*BRIEF*
Write the data out again, character for character, with no images.

Content starts

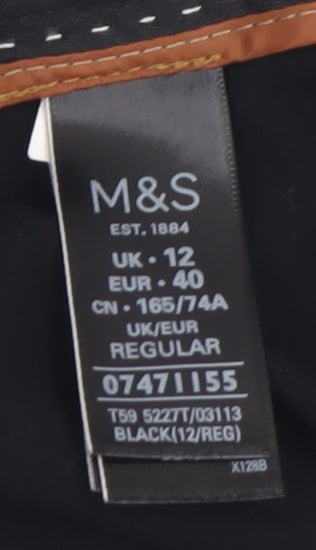 Marks and Spencer Women's Black Size 12 Regular Dress Pants Trousers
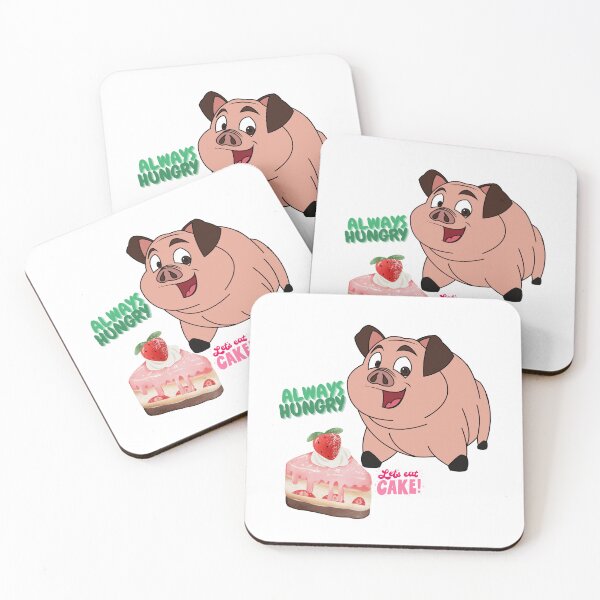 Item preview, cartoon pig with food designed and sold by LaUnArt.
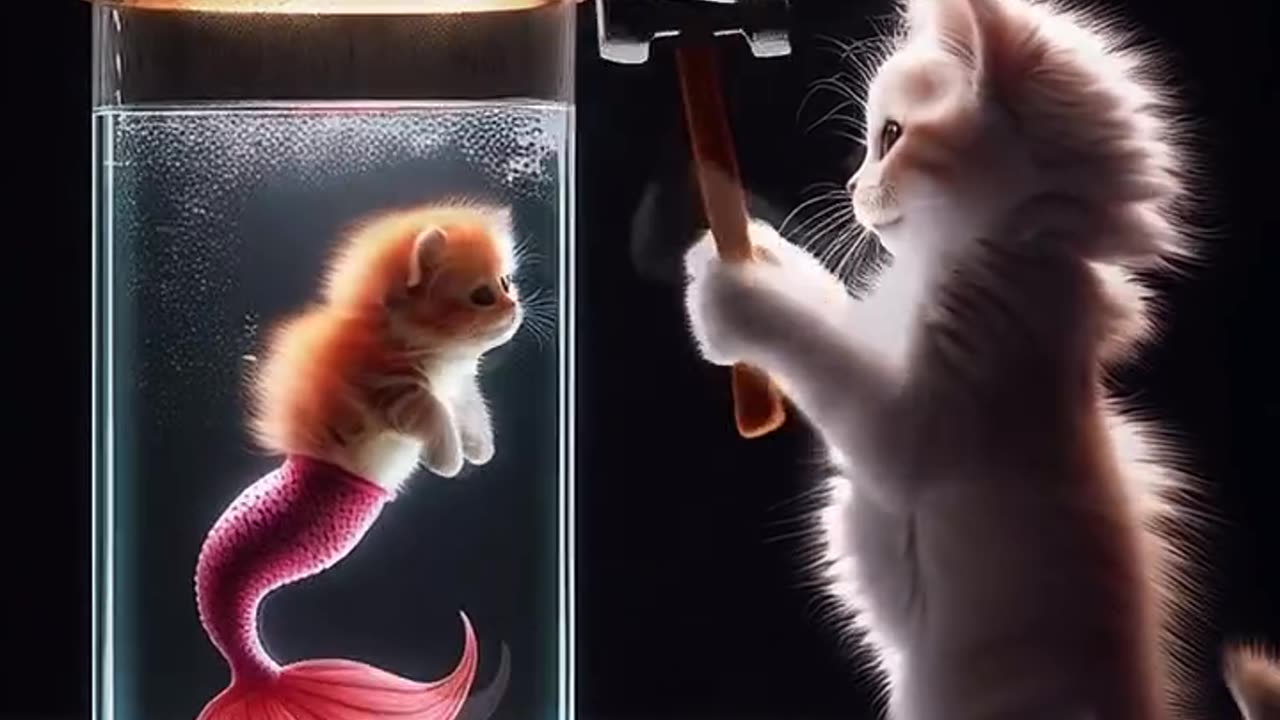 A kitten rescuing a mermaid trapping an aquarium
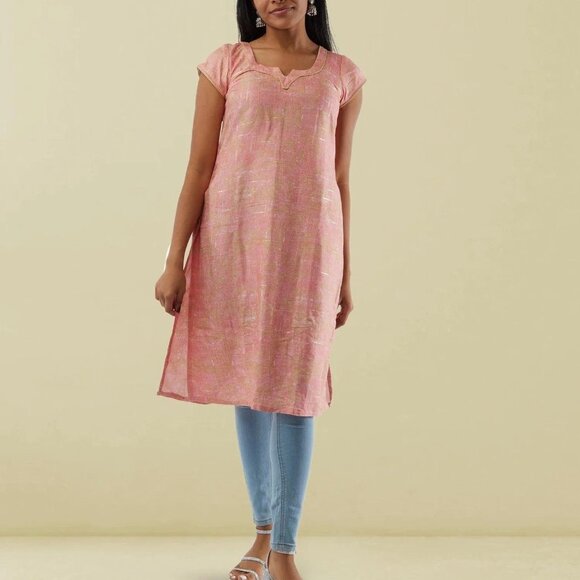 Pink and Gold Rayon Kurta for Stylish Looks | Muvvas Boutique - Picture 2 of 4
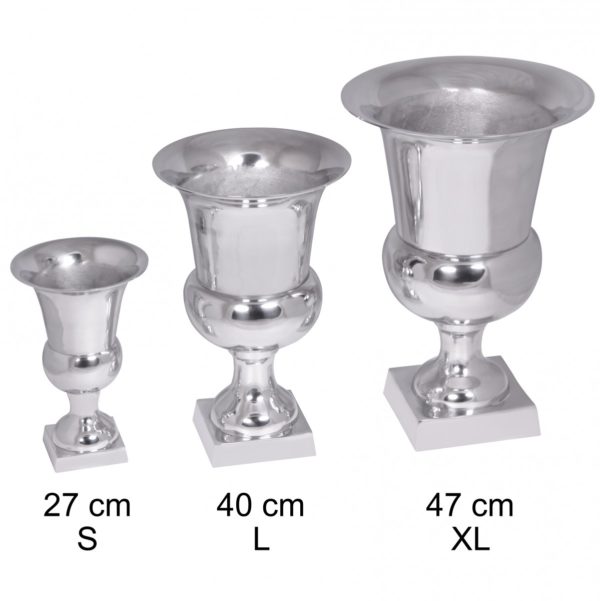 Vase 47 X 32 Cm Cup Xl Deco Vase Goblet Aluminum - Decoration Vase Silver Planting Cup 41674 Wohnling Blumenvase 47 X 32 Cm Gross Pokal Xl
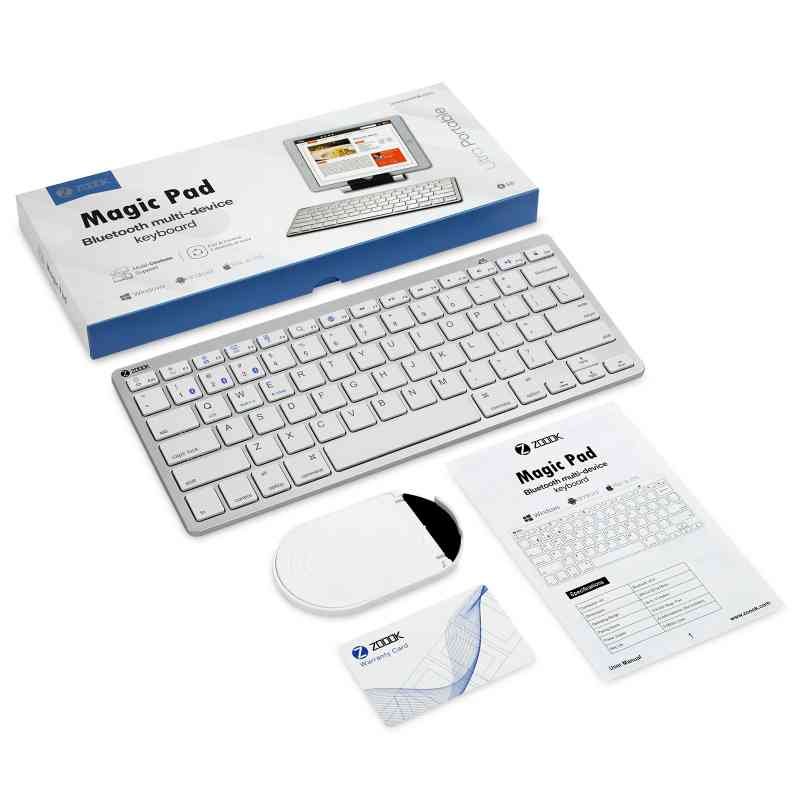 Keyboard Zoook ZK-MAGICPAD | Multi Device Premium Portable Bluetooth keyboard for Everything, Compatible with Mac Phone, Wireless, Slim design, Long Battery Life | White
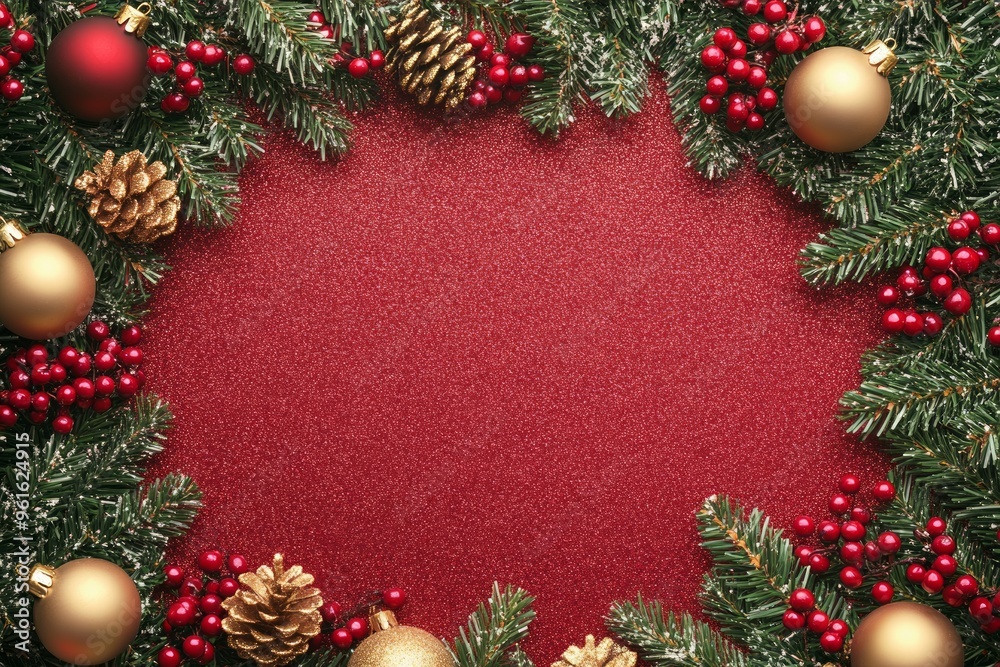 Christmas Red Background with Garland Christmas Red Background with Garland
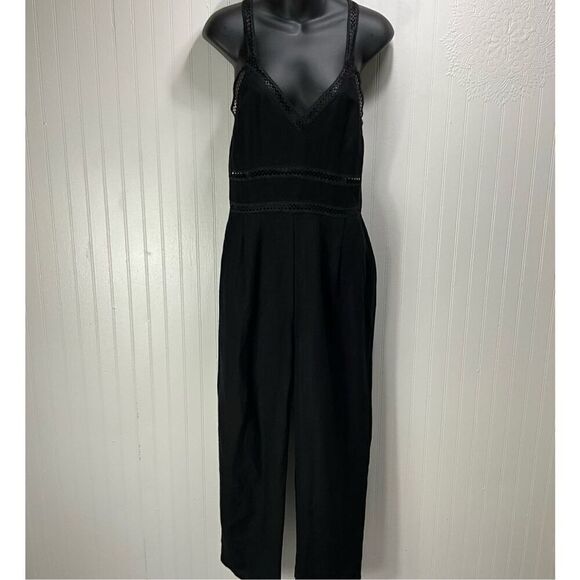 EXPRESS Linen Blend Black Jumpsuit - Picture 1 of 7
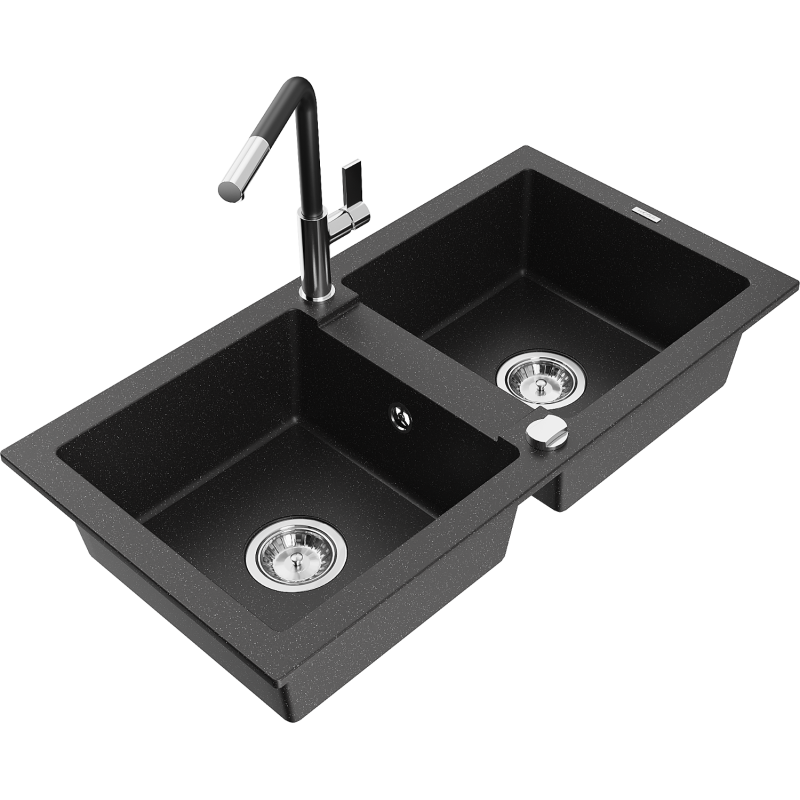 Mexen Mario Granitspüle 2-Becken mit Küchenarmatur Flora, schwarz/silber metallic - 6504-73-670401-07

Content ends

*EXPECTED ANSWER*
 Marks and Spencer Women's Black Size 12 Regular Dress Pants Trousers
 Item preview, cartoon pig with food designed and sold by LaUnArt.
 A kitten rescuing a mermaid trapping an aquarium
 Pink and Gold Rayon Kurta for Stylish Looks | Muvvas Boutique - Picture 2 of 4
 Vase 47 X 32 Cm Cup Xl Deco Vase Goblet Aluminum - Decoration Vase Silver Planting Cup 41674 Wohnling Blumenvase 47 X 32 Cm Gross Pokal Xl
 Keyboard Zoook ZK-MAGICPAD | Multi Device Premium Portable Bluetooth keyboard for Everything, Compatible with Mac Phone, Wireless, Slim design, Long Battery Life | White
 Christmas Red Background with Garland Christmas Red Background with Garland
 EXPRESS Linen Blend Black Jumpsuit - Picture 1 of 7
 Mexen Mario Granitspüle 2-Becken mit Küchenarmatur Flora, schwarz/silber metallic - 6504-73-670401-07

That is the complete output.